Mia was born and raised in Louisville, Kentucky. Mia learned how to play the guitar and the piano by age nine, and influenced by punk rock as well as jazz, blues and R&B singers such as Bessie Smith, Billie Holiday, Jimmy Reed, Ray Charles, Hank Williams and Sam Cooke. In 1984, Mia enrolled at Antioch College located in Yellow Springs, Ohio as a liberal arts student. In September 1986, she and Steve, Matt and Andy formed the punk rock band The Gits. After playing music for a while the band got restless and moved to Seattle in 1989. They heard there was an interesting music scene happening, and it immediately felt like home. Mia was the first of the group to get gainfully employed. She got hired at a trashy dive bar and helped Andy, Matt, and Steve out with free food. The dive bar was near a mental hospital, and eccentric folks would often come in. Mia would say “I love my job, I get to paid to hear people’s problems!” Mia had a great sense of humor, loved to meet new people and had no problem cracking jokes. The four moved into an abandoned building and called it “The Rathouse”. The Gits powerful, driving music and poetic lyrics were creating a stir in the area. They had shows there often with their friends, 7 Year Bitch. In 1992, the band released its debut album Frenching the Bully. Their reputation progressively increased within the grunge scene in Seattle.
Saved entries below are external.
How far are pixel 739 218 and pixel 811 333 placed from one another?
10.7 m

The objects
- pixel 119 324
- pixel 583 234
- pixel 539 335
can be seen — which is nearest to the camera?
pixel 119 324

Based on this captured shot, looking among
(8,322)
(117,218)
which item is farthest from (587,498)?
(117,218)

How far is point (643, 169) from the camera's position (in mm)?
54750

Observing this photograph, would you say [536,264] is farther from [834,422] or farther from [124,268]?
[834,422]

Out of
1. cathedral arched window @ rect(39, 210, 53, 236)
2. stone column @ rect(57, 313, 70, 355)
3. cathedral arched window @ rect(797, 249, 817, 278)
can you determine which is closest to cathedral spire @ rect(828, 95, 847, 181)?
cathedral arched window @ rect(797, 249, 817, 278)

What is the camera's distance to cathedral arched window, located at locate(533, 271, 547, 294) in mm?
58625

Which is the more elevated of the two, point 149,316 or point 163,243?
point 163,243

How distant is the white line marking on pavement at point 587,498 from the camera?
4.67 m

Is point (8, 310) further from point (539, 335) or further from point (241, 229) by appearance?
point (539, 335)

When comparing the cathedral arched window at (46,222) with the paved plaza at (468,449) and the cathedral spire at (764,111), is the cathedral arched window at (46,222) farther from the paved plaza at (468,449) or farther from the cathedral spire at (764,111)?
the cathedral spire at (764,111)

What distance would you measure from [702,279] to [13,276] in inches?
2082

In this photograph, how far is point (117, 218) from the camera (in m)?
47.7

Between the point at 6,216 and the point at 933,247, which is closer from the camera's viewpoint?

At around 2:00 a.m. on July 7, 1993, Zapata left the Comet Tavern in the Capitol Hill area of Seattle. She stayed at a studio space in the basement of an apartment building located a block away, and briefly visited a friend who lived on the second floor. This was the last time she was seen alive. She may have walked a few blocks west, north to a friend’s apartment, or may have decided to take the long walk south to her home.

She was beaten, strangled and possibly raped, in the Central District of Seattle. It is believed she encountered her attacker shortly after 2:15 am. Since an employee at the Comet remembered her wearing her headset as she left, it is believed she was listening to music on her walkman and thus was unaware of the attacker approaching. Her body was not initially identified, as she had no identification on her when she was found.

According to the cable television show Unsolved Mysteries, a man two blocks from the Comet Tavern heard a scream around 3:00 a.m. A woman discovered her body in the street at around 3:30 a.m. near the intersection of 24th Avenue South and South Washington Street in the Central District. According to the medical examiner, if she had not been strangled she would have died from the internal injuries suffered from the beating. An autopsy found evidence of a struggle in which Zapata suffered blunt impact to her abdomen and a lacerated liver as recorded in court documents.

Zapata is interred at Cave Hill Cemetery in her hometown of Louisville. The Seattle music community, including its most famous bands – Nirvana, Pearl Jam, Soundgarden – helped raise $70,000 to hire a private investigator for three years. The funds dried up. But the investigator, Leigh Hearon, continued to investigate on her own time. In 1998 after five years of investigation, Seattle police Detective Dale Tallman said: “we’re no closer to solving the case than we were right after the murder”.